Bob Gates sent shockwaves through the national security community last year at Kansas State University when he dared suggest that the non-military instruments of power are under-resourced. Turns out, he’s not alone.
Earlier this year, I learned that Rep. Jack Murtha, who chairs the Defense Appropriations Subcommittee, worked with Rep. Nita Lowey, who chairs the Foreign Ops. (non-military foreign affairs) Subcommittee to bump up her spending allocation — a smart and selfless move.


Geoff Garin and Bill McInturff, who did a phenomenally thorough poll last year for the United Nations Foundation showing new patterns in the public’s foreign policy preferences, released a memo last week on their new poll of military officers’ attitudes. Long story short, they’re backing up their boss. Here’s a key finding that summarizes the poll:

Eighty-four percent (84%) of officers say that strengthening non-military tools such as diplomacy and development efforts should be at least equal to strengthening military efforts when it comes to improving America’s ability to address threats to our national security.

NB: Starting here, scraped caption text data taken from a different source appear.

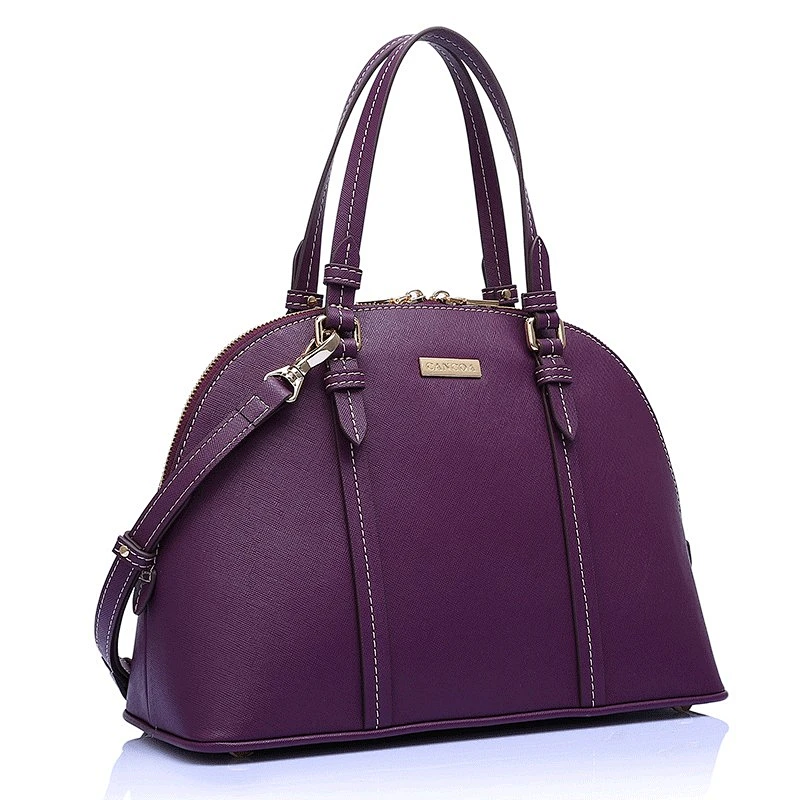 cc2023a SGS factory audit hot sale fashion OEM lady designer handbag woman handbag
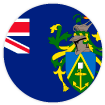 Pitcairn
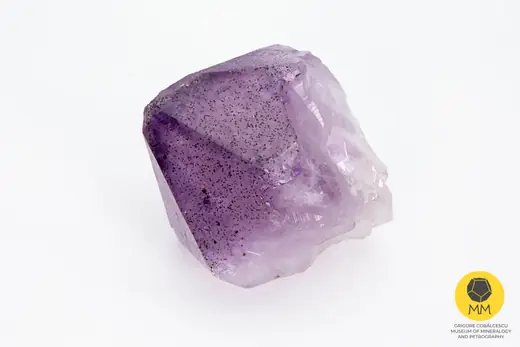 Ametist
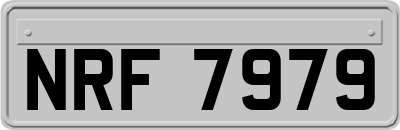NRF7979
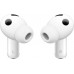 Huawei Huawei - FreeBuds Pro 5, White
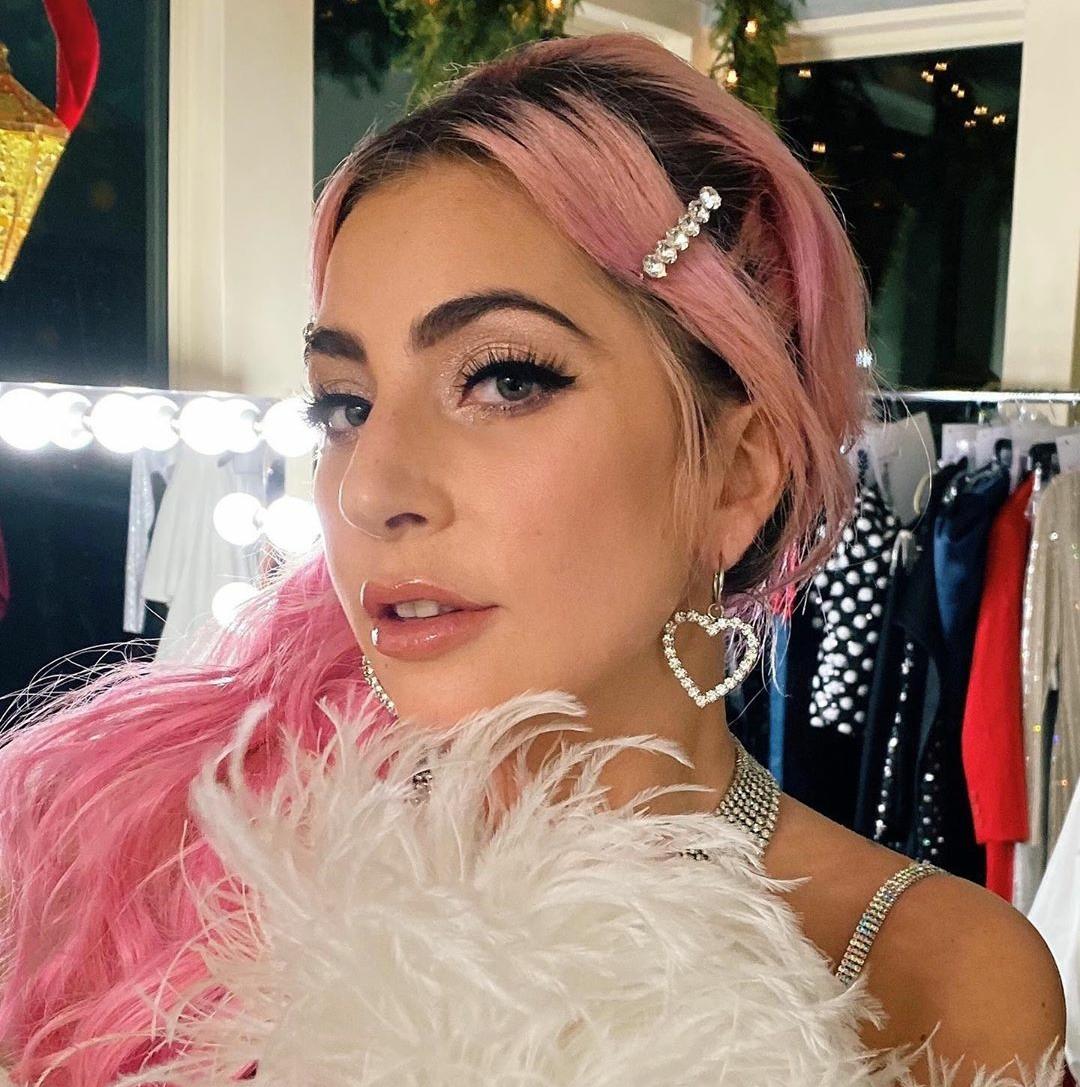 Novo filme estrelado por Lady Gaga ganha data de estreia; saiba mais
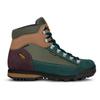AKU - Women's Ultra Light Original GTX - Wanderschuhe 40 | EU 40 braun
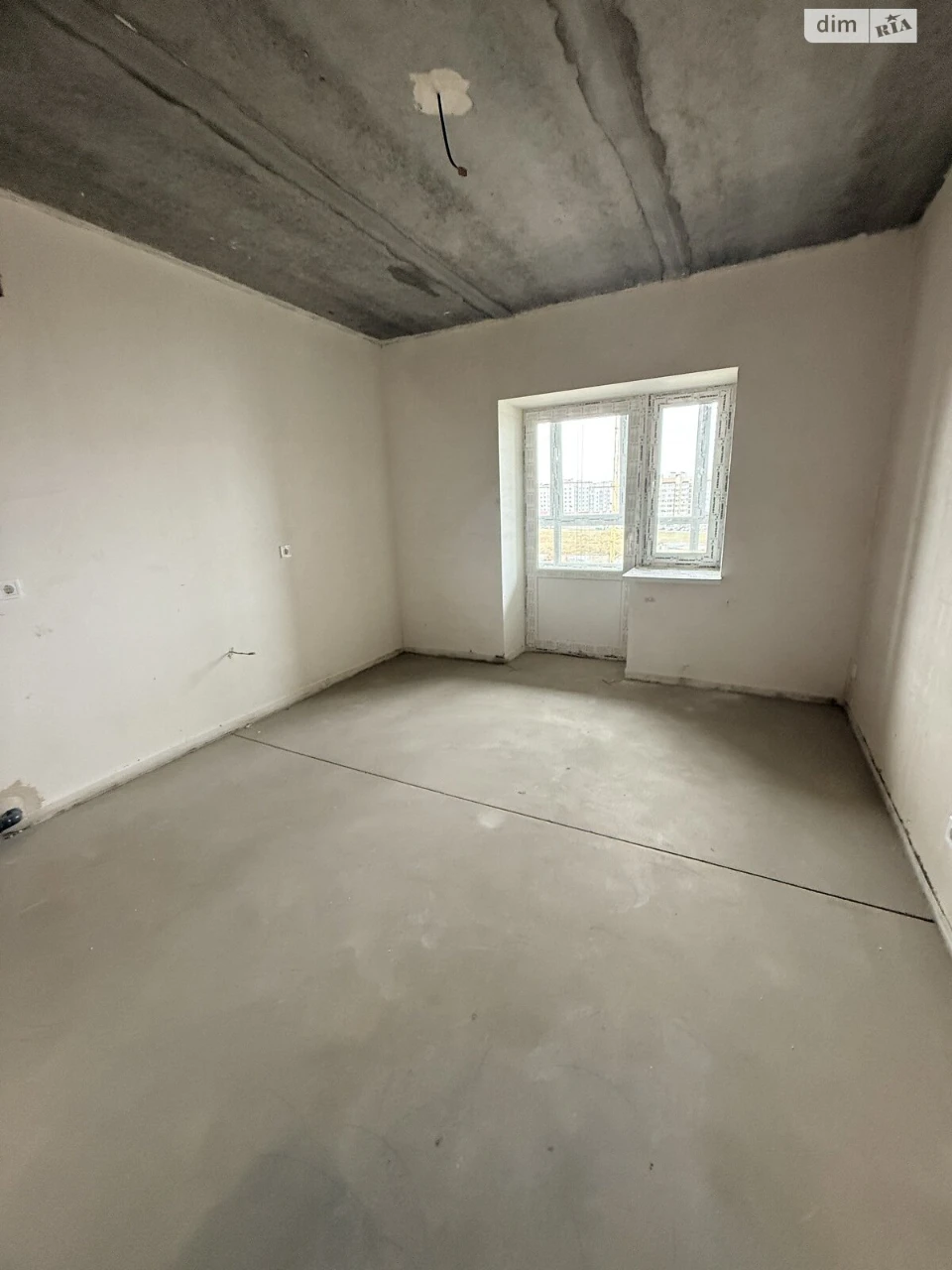 Продаж Квартира Академічний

This isn’t really news, but it should serve to rebut those who suggest that the effort to enhance U.S. diplomatic and development initiatives represents a challenge to the military. News flash to these folks: Gen. Buck Turgidson is a figment of Stanley Kubrick’s (and Peter George’s) imagination.

Get with the program.
— Scott Paul

Comments

6 comments on “Gates Is Not Alone

  1. Aresluna says:

    Gates should run for president in 2012 as an indi with the specific goal of pulling the foreign policy debate back into reality.

    Reply

  2. Mr.Murder says:

    *to address the challenges of these topic?

    Reply

  3. Mr.Murder says:

    Joint training. Use military presence without having to be part of direct action. This provides deterrent, creates very good pressure, and accelerates actual deployments when used, not just within the region said training took place.
    Ambassador Wilson notes the success in Haiti resutling from prior joint training in Africa with Operation Flintlock.
    He and Jamerson took a joint approach. Diplomats of good experience paired with military attachments.
    Instead we try and develop these joint efforts that enable us to create new movers in the SEATO, OAS, OAU(now the African Union) so if you have a force able to work with you from one group, under the UN umbrella it can be applied elsewhere.
    This could be of much use in coming efforts. We’re probably looking at a new era of containment policy to try and limit the influence of persons such as Chavez to couple with this force lever to stabilize some ethnic tensions.
    Personally there’s nothing to hold against Chavez of which I’m aware. He’s our flavor of the month bad guy in this Hemisphere at this time, though. We don’t want him forcibly removed or he’d already be gone. The wake of his departure who knows what would have been unleashed.
    Oddly, Bushco. has made him stronger through the White House use of terrible fiscal policy and terrible energy policy, both of which enable him to greater influence in said areas.
    In fact, Al Gore showed the way to peace, it is a path paved with renewable energy infrastructure. Something Obama’s been very timid in addressing to any level of competence.
    No shock there, his campaign director works for energy firms and Barack voted for Cheney’s energy bill.So much for being the change candidate.
    Now you see how important it is to unify policy so domestic items match what we need to accomplish as a member of the world community.
    Community organizing of a different kind is what we need. World community, energy policy, address warming now or lose land and crops we can’t afford to lose.
    How many countries losing said items have military resources that will need help and joint training to address the chellenges these topics address?

    Reply

  4. Mr.Murder says:

    Pipers at the Gates of Dawn.
    A new era is ushered upon us.

    Reply

  5. Syed Qamar Afzal Rizvi says:

    The echo/ essence of the humanistic globalism- that presently seems to a passive feature of the US-foreign policy- has to strongly projected via the threshold of the NGOs.

    Reply

  6. Mr.Murder says:

    The use of NGO to shape perception and background items such as the Niger forgeries shows how this can always be misused no matter how we try to address it via policy.
    At the same time we have more pressing humanitarian needs that can advance the perception of good intention and using those particular NGO such as the Red Cross and Red Crescent for that can serve great purpose.
    Also, vetted NGO helping with relief can document activity of concern such as human trafficing or genocide, these items must also be addressed.
    The ability to use NGO as a neutral avenue for relief items, and to also vet or help justify intervention, could be major policy aspects in coming years.